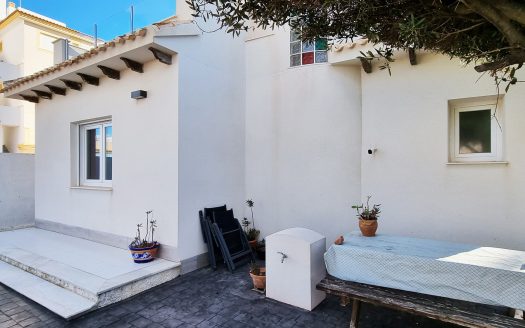 Stunning 4 bedroom detached beach side villa in Playa Flamenca.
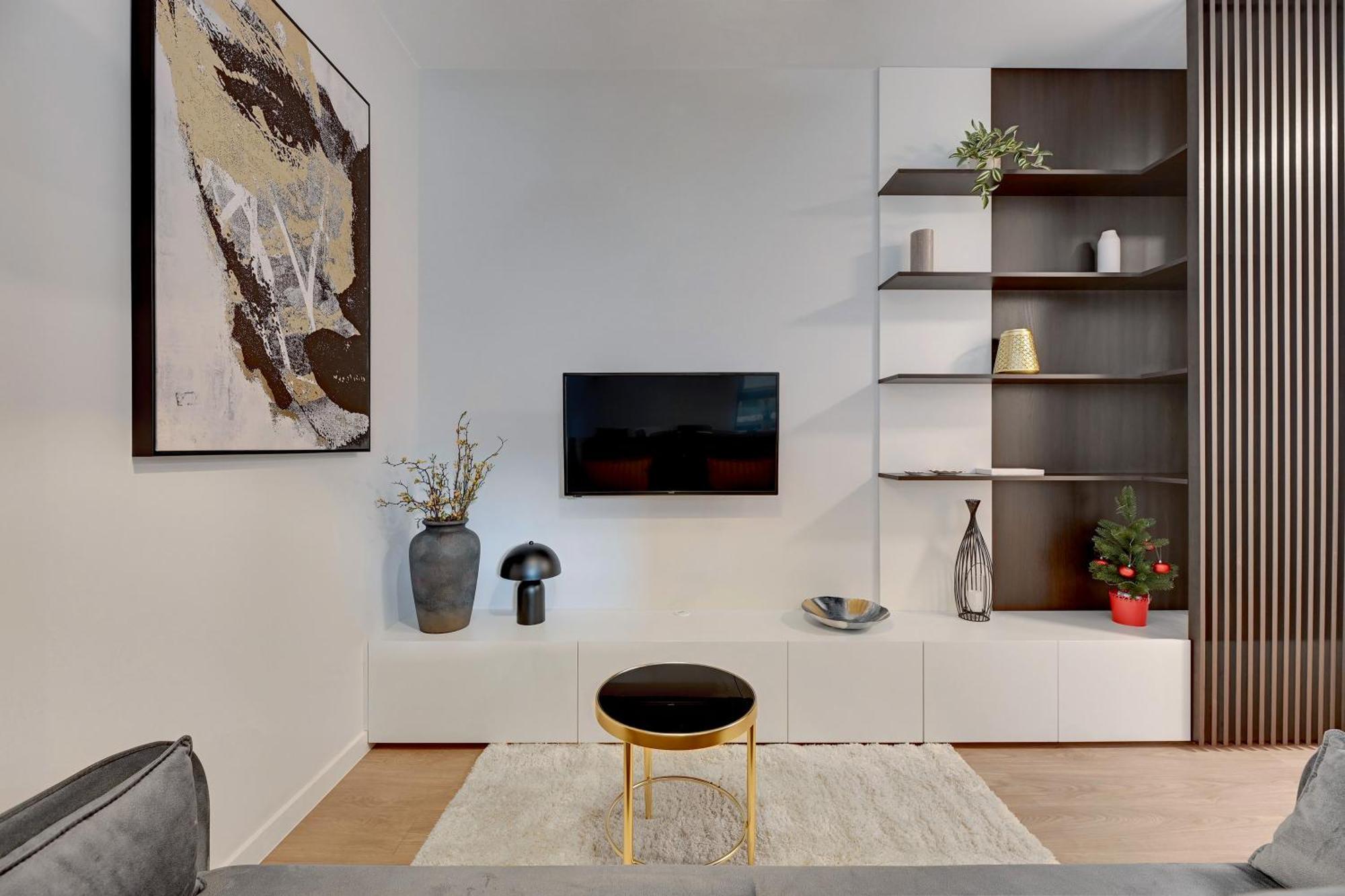Scala 60D City Center Apartments With Parking By Lion Apartments Γκντανσκ Εξωτερικό φωτογραφία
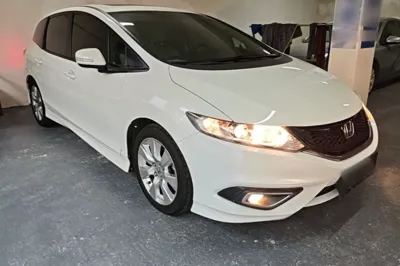 Honda Jade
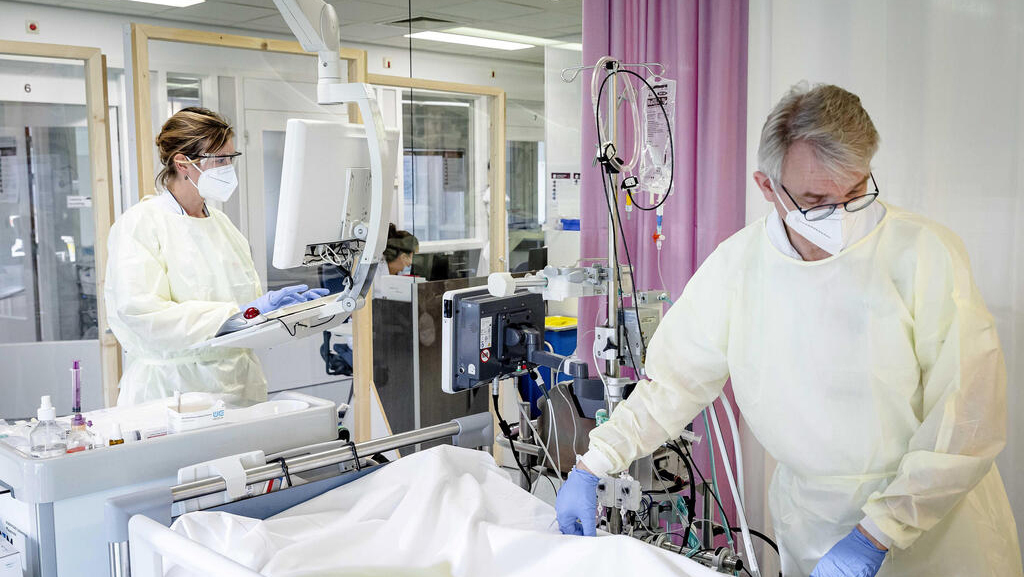 מטפלים בחולי קורונה ביחידה לטיפול נמרץ ב הולנד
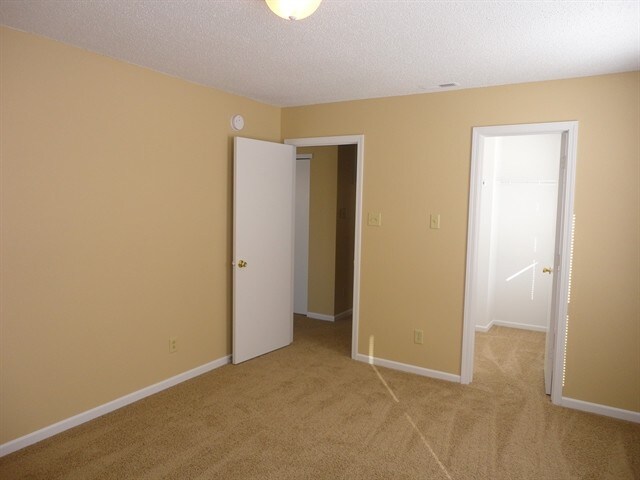 Building Photo - 2324 Shadowbrook Dr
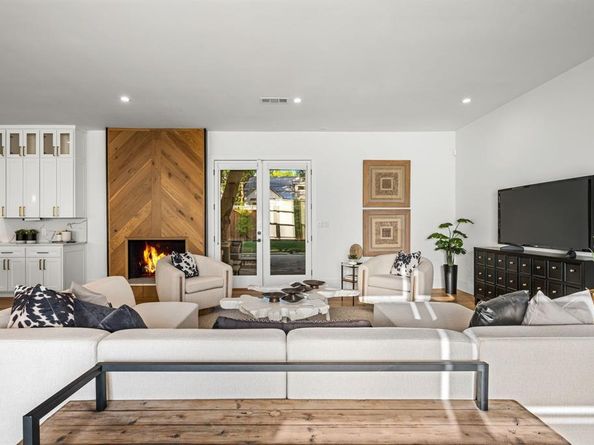 10424  Remington Lane , Dallas Texas 75229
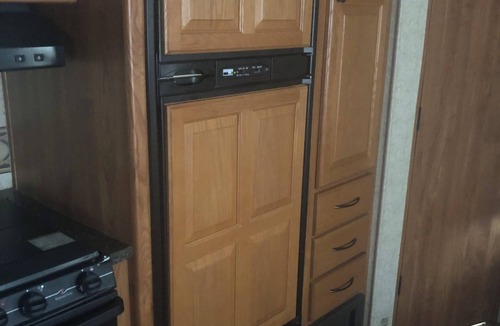 Omega House | Cozy 1-bedroom camper sleeps up to 4 Daily/ weekly / monthly rate’s available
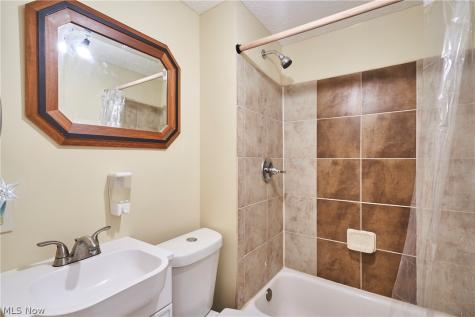 3218 Marvin Avenue Cleveland OH 44109
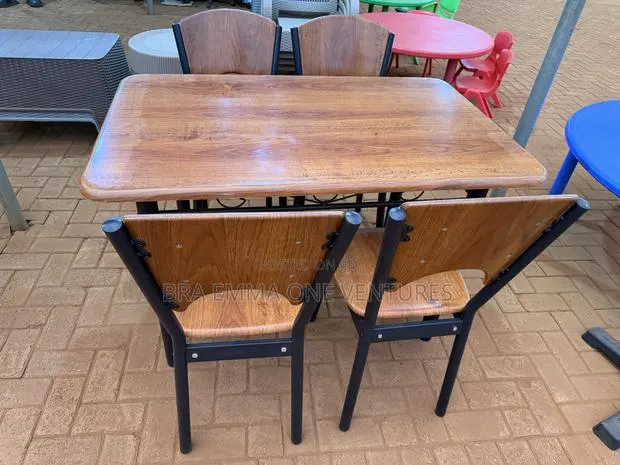 Rectangular Dining Table Set (4-seater) · Photo 1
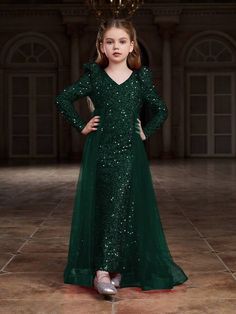 Green Champagne, Flower Girl Gown, Simple Lehenga, Bodycon Party Dress, Dress Train, Puffy Dresses, Girls Holiday Dresses, Net Dress, Net Lace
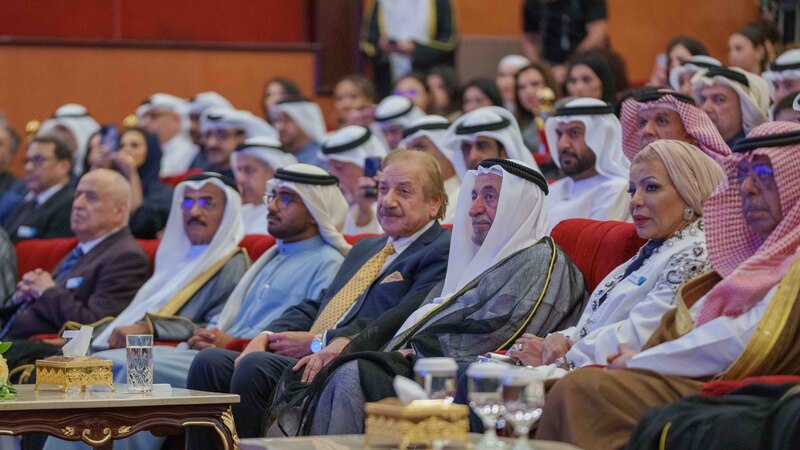 بينهم الفنّانة فخرية خميس … ” الشارقة” تكرّم ثلاثة عمانيين مسرحييّن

+ + + + +

## Task
If a picture appears in the records, omit it and print everything else exactly.

## Result of this task
 Stunning 4 bedroom detached beach side villa in Playa Flamenca.
Scala 60D City Center Apartments With Parking By Lion Apartments Γκντανσκ Εξωτερικό φωτογραφία
 Honda Jade
 מטפלים בחולי קורונה ביחידה לטיפול נמרץ ב הולנד
 Building Photo - 2324 Shadowbrook Dr
 10424  Remington Lane , Dallas Texas 75229
 Omega House | Cozy 1-bedroom camper sleeps up to 4 Daily/ weekly / monthly rate’s available
 3218 Marvin Avenue Cleveland OH 44109
 Rectangular Dining Table Set (4-seater) · Photo 1
 Green Champagne, Flower Girl Gown, Simple Lehenga, Bodycon Party Dress, Dress Train, Puffy Dresses, Girls Holiday Dresses, Net Dress, Net Lace
 بينهم الفنّانة فخرية خميس … ” الشارقة” تكرّم ثلاثة عمانيين مسرحييّن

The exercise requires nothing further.